Hi Gary F, List,

First, a small point. I take a scientific phenomenon to be something public 
that could be observed. It isn't necessary that it actually be before the mind 
in order to be a phenomenon. Rather, the observation of the phenomenon is what 
is typically "in the mind" of the cognitive agents.

Second, the results of Peirce's inquiries in logic are, like other historical 
events, something that can be observed. Your question seems to be:  is a claim 
that one written expression of a logical conception is clearer than another 
really a hard fact? If so, what does that suggest about the hardness of such 
facts?

For my part, I don't think there is any significant difference between a 
historical expression of, say, the conceptions involved in law embodied in a 
statute and the historical expression of a logical conception in a 
philosophical theory and expressed in a written mode. The fact that a 
conception in the law is more clearly expressed than it was in the past will 
show, as a hard fact, in the kinds of conduct that will follow from the newly 
clarified statute. That is, there will actually be fewer disagreements and 
conflicts in conduct among those who purport to be regulated by their clearer 
conceptions of such laws.

--Jeff


Jeffrey Downard
Associate Professor
Department of Philosophy
Northern Arizona University
(o) 928 523-8354


________________________________
From: g...@gnusystems.ca <g...@gnusystems.ca>
Sent: Tuesday, January 23, 2018 3:53 PM
To: peirce-l@list.iupui.edu
Subject: RE: [PEIRCE-L] Lowell Lecture 3.14

List,

A word or two about the second part of Lowell 3.14, CP 1.543 …

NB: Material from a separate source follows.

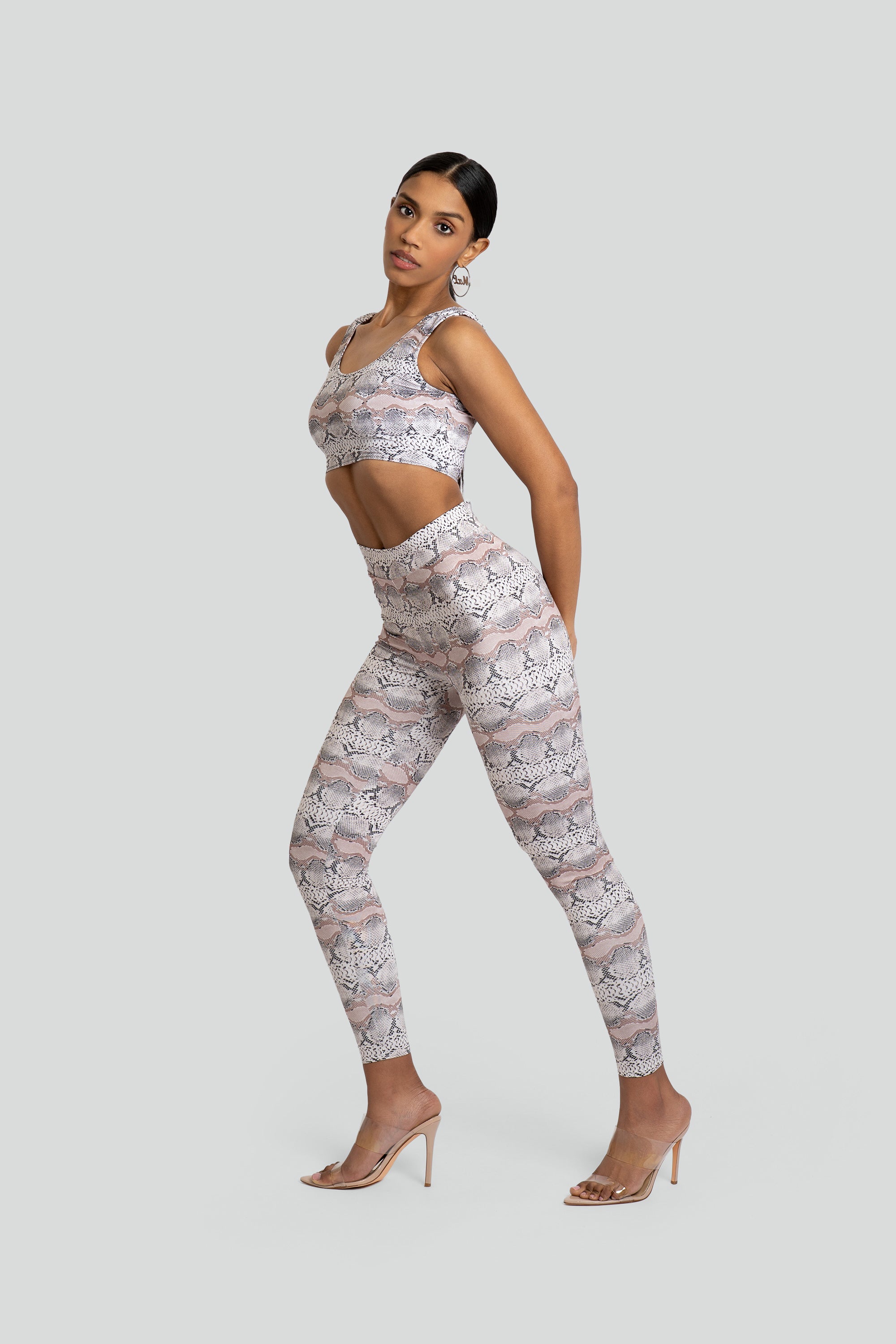 Woman wearing a matching snakeskin print sports bra and leggings set on a white background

Whatever “subject of inquiry” we are talking about, it must be something 
“before the mind” in some way, to use the language Peirce uses to introduce 
Phenomenology earlier in Lowell 3. That makes it a Phenomenon; hence it 
“involves three kinds of elements.”

The “principle of our procedure” in this Phenomenological inquiry seems to 
apply recursively, even to the “kinds of elements” themselves. “And so we have 
endless questions, of which I have only given you small scraps.”

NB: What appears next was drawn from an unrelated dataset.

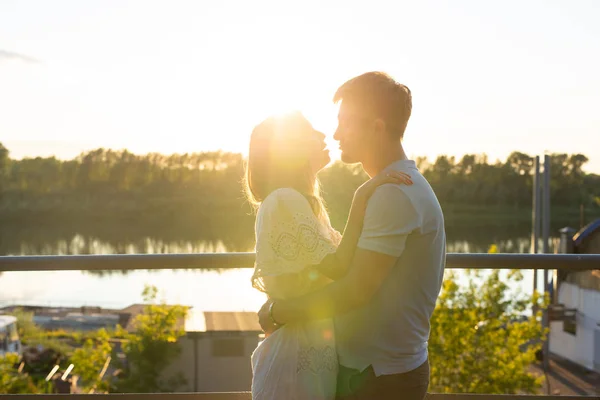 Homme et femme étreignant au coucher du soleil sur la nature. Couple en étreinte romantique — Photo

Why should we take the trouble to engage in the “most laborious study” required 
to answer these endless questions? Because, according to Peirce, “it forces us 
along step by step to much clearer conceptions of the objects of logic than 
have ever been attained before. The hard fact that it has yielded such fruit is 
the principal argument in its favor.”

Is that really a hard fact? Or is it merely Peirce’s opinion that the 
conceptions attained in this way are so much clearer than any attained before? 
Can it be a hard fact — the epitome of Secondness, as described by Peirce 
earlier — that one conception is clearer than another? If so, what does that 
tell us about the nature of “hard facts”?

Gary f.

From: g...@gnusystems.ca [mailto:g...@gnusystems.ca]
Sent: 20-Jan-18 18:50
To: peirce-l@list.iupui.edu
Subject: [PEIRCE-L] Lowell Lecture 3.14

Continuing from Lowell 3.13, 
https://fromthepage.com/jeffdown1/c-s-peirce-manuscripts/ms-464-465-1903-lowell-lecture-iii-3rd-draught/display/13940:

A representamen is a subject of a triadic relation to a Second, called its 
Object, for a Third, called its Interpretant, this triadic relation being such 
that the Representamen determines its Interpretant to stand in the same triadic 
relation to the same Object for some Interpretant.
[CP 1.542] It follows at once that this relation cannot consist in any actual 
event that ever can have occurred; for in that case there would be another 
actual event connecting the interpretant to an interpretant of its own of which 
the same would be true; and thus there would be an endless series of events 
which could have actually occurred, which is absurd. For the same reason the 
interpretant cannot be a definite individual object. The relation must 
therefore consist in a power of the representamen to determine some 
interpretant to being a representamen of the same object.
[543] Here we make a new distinction. You see the principle of our procedure. 
We begin by asking what is the mode of being of the subject of inquiry, that 
is, what is its absolute and most universal Firstness? The answer comes, that 
it is either the Firstness of Firstness, the Firstness of Secondness, or the 
Firstness of Thirdness.
We then ask what is the Universal Secondness, and what the Universal Thirdness, 
of the subject [in hand?].
Next we say that Firstness of Firstness, that Firstness of Secondness and that 
Firstness of Thirdness that have been described have been the Firstness of the 
Firstness in each case. But what is the Secondness that is involved in it and 
what is the Thirdness?
So the Secondnesses as they have been first given are the Firstnesses of those 
Secondnesses. We ask what Secondness they involve and what Thirdness. And so we 
have endless questions, of which I have only given you small scraps.
The answers to these questions do not come of themselves. They require the most 
laborious study, the most careful and exact examination. The system of 
questions does not save that trouble in the least degree. It enormously 
increases it by multiplying the questions that are suggested. But it forces us 
along step by step to much clearer conceptions of the objects of logic than 
have ever been attained before. The hard fact that it has yielded such fruit is 
the principal argument in its favor.